Making time go faster

I got the following email the other day from a reader:

I cam across your post on pc time and thought you may have a quick answer. Thanks in advance.

I have a program that is a reader that reads a log and sends a message to a second program that is the counter that counts the number of events it gets in a five minutes.

Each entry in the log has a time stamp and is sequential. The log file reader reads the log and waits until it has hit the time in the time stamp (hour, minute and second) and then sends that event to the listner at that time. So to process a log for one day this set takes one day.

I was wondering if there was some way that I could speed up the clock so I dont have to change the logic of either of the programs but have the task completed in say 4 hours (by spedding up the clock by 6 times).

That's a fascinating idea, actually - is there a way of making time go faster?

Whenever someone asks a question like this one, it's time to fall back on the tricks of the master.  Whenever he gets a question like this, Raymond always turns around and asks a question like "What if <x> could happen?" (or "What if two applications tried to do <y>?").

So let's ask the question: "What if there was a way of speeding up the system clock so you don't have to wait so long?"

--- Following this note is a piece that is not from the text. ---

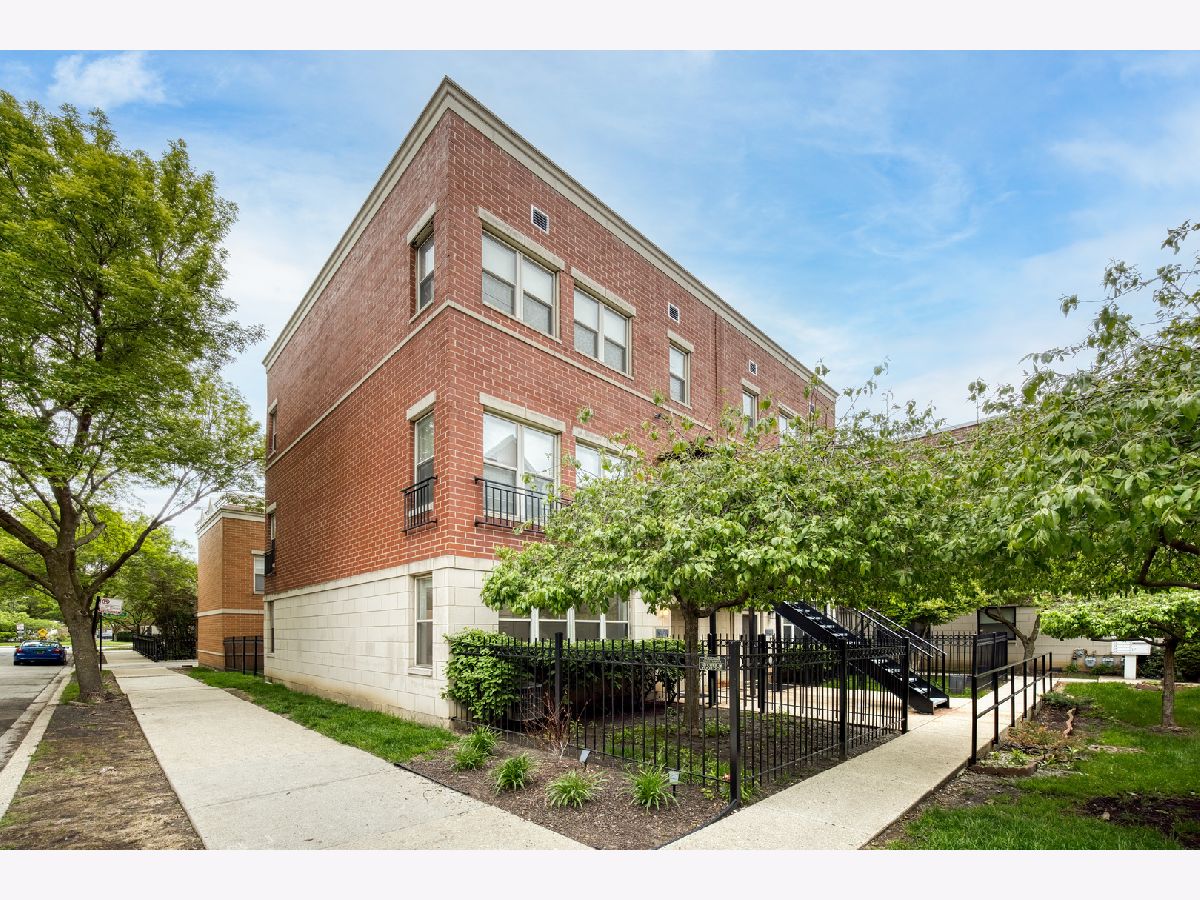 Townhomes & Condos & Homes Sold North Town Village Chicago Illinois, 1331 Burling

What would that do to system timers?  If the entire system time is running faster, then they would also run faster. Would there be a consequence if something that's supposed to happen every 5 minutes all of a sudden started happening every 5 seconds?

How about timeouts?  In other words, if I read some data from the disk and wait (with a timeout) for the disk read to complete, will that timeout run faster?  What happens the read timeout is 3 seconds and the disk normally takes 2 seconds for an I/O to complete?

Monitor refresh frequency?  If your app is synchronized to the monitor refresh wait, and the application all of a sudden starts running twice as fast, what would be the results?

If you're trying to make the system run faster than in real-time, it seems like all these would also speed up (otherwise you couldn't get the log playback operations to be faster, since these all run off the same timer).

This is the crux of the problem - if you want your sleeps to go faster, then all the system events also need to be faster.  Unfortunately, there's all this physical hardware attached to the computer, and that physical hardware takes time to complete operations.  If you also have timeouts associated with those hardware operations, then you may introduce real problems.

So the simple answer to the question is: "Not usually".  It might be possible to do something in a VM environment, and there are some utilities on the web that claim to be able to do this, but I wouldn't recommend them.

Why can't you change the program that plays back the log to simply not wait as long?